(写真:ZUMA Press/アフロ)

(山田 敏弘:国際ジャーナリスト)

 2020年1月29日、ブルームバーグ通信はイギリスのこんなニュースを報じた。

<ジョンソン英首相は中国の華為技術(ファーウェイ)に対し、次世代通信規格「5G」移動通信ネットワークの一部で開発への参画を認めた。ファーウェイについて繰り返し警告を発するトランプ米大統領との対立へと、火種を抱えた。

 英政府はファーウェイなど高リスク企業を5Gネットワークの最も重要な基幹部分から排除するが、高速通信の展開に欠かせないアンテナや基地局などの機器については納入を認めると発表した>

 もちろん通信データが行き交うようなコアな部分でファーウェイ製の機器を使うようなことはしないが、それ以外のアンテナ部分など、要するに「ネジ」のような部品なら使ってもいいだろう、というのがイギリスの主張である。

 これについてファーウェイは「安心した」とし、「勝利宣言」のような発表をしているが、そのように受け止めてしまうと実態を見誤ってしまう。イギリスの言い分を正しく理解するなら、「コアな部分にファーウェイの製品を入れるのは危ない」と言っているのである。だからこそイギリス政府は、ファーウェイ製品の使用は市場占有率35%以下に限定するとしているし、事実、今回の英政府の発表を受け、英携帯大手ボーダフォンは通信網の中核部分からのファーウェイ排除を発表している。

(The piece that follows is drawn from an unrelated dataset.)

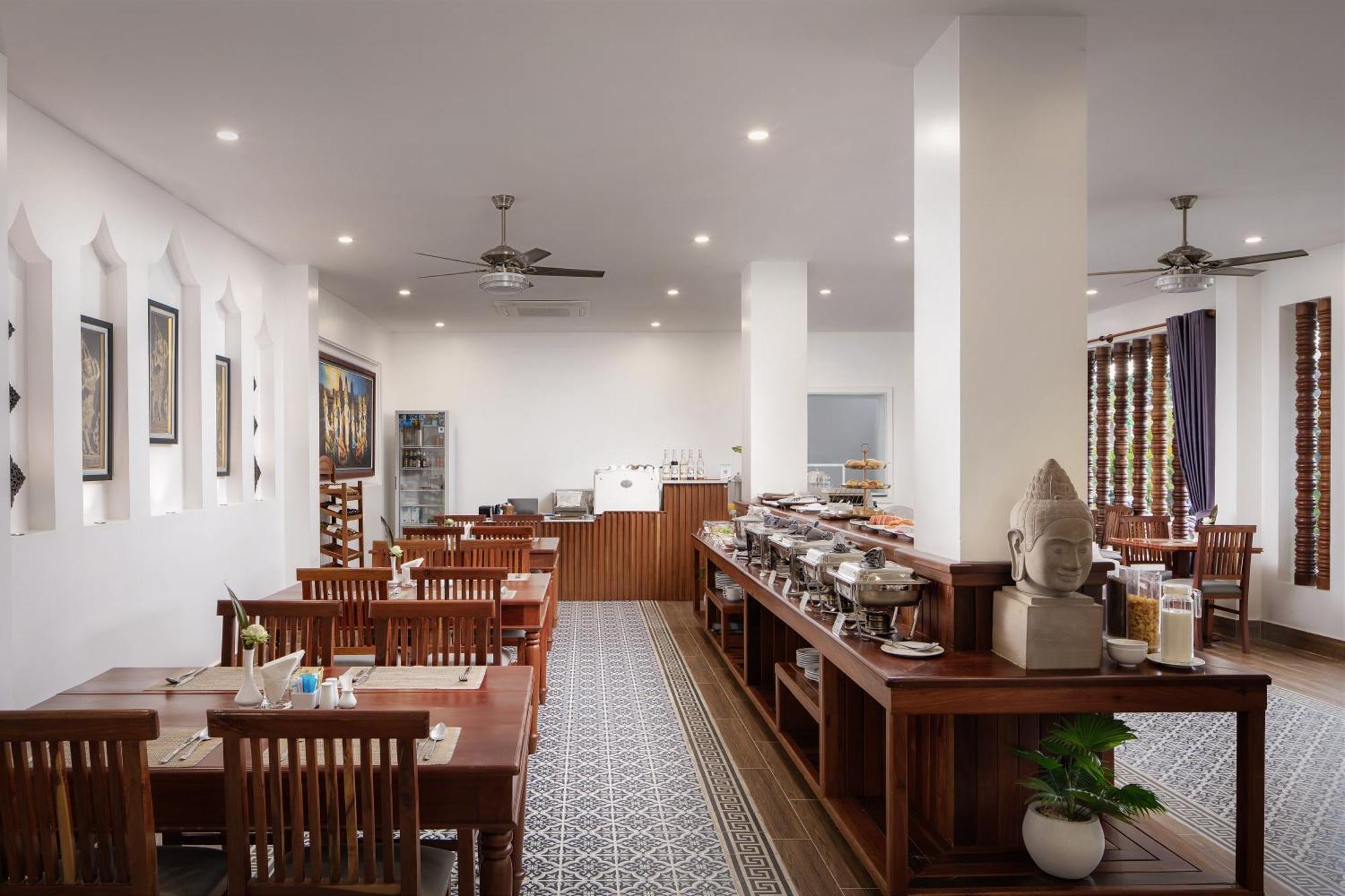 Two Seasons Siem Reap Hotel Екстер'єр фото Restaurant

 この顛末を見て、筆者は暗澹たる気持ちになった。ただそれは、イギリスがファーウェイの一部容認に踏み切ったからではない。イギリスと比較してみると、日本の対応のお粗末さがありありと浮かび上がってきたからだ。

インテリジェンスが生む日本とイギリスの差

 アメリカが同盟国に対して、安全保障上問題のあるファーウェイ製品を排除しろと要請したことは周知の通りである。ただファーウェイを排除することにより、どの国も、国内経済に悪影響が及ぶのは間違いない。これまで安価に手に入れていた製品を禁止して、コストが高い代替品に替える必要があるのだから当然だ。それによって失業者なども生まれるかもしれない。

 それでも、日本はアメリカに一切反論することなくふたつ返事で応じた。だが、イギリスは違った。自分たちの主張をはっきりとアメリカに示している。ファーウェイ、つまりそのバックに控える中国との関係を考慮し、「“ネジ”くらいなら容認してくれないと自国民を守れない」と。

 メディアの報道によれば、ジョンソン首相の決定にアメリカのドナルド・トランプ大統領は激怒しているという。ただトランプの激怒が事実であっても何も変わらない。というよりも、ジョンソンに対し、そして他の同盟国に対し、「俺は起こっているんだぞ」とアピールしておきたいというトランプの意向が、こうした報道となって伝えられているとみる方が自然だ。トランプとしても、ジョンソンにだけ甘い顔するわけにはいかないのだ。

 ジョンソンにしても、トランプがそれくらいのポーズをとることくらいは織り込み済み(中東和平など他の分野で妥協する姿勢を見せるとの見方もある)。それを見越したうえで、中国へのメッセージの意味も含め、「国益のために、そこは譲れない」と言っているのだ。

 日本とイギリスの対応は、天と地ほど違う。なぜそうした差が生まれてしまうのか。理由は「インテリジェンス」にある。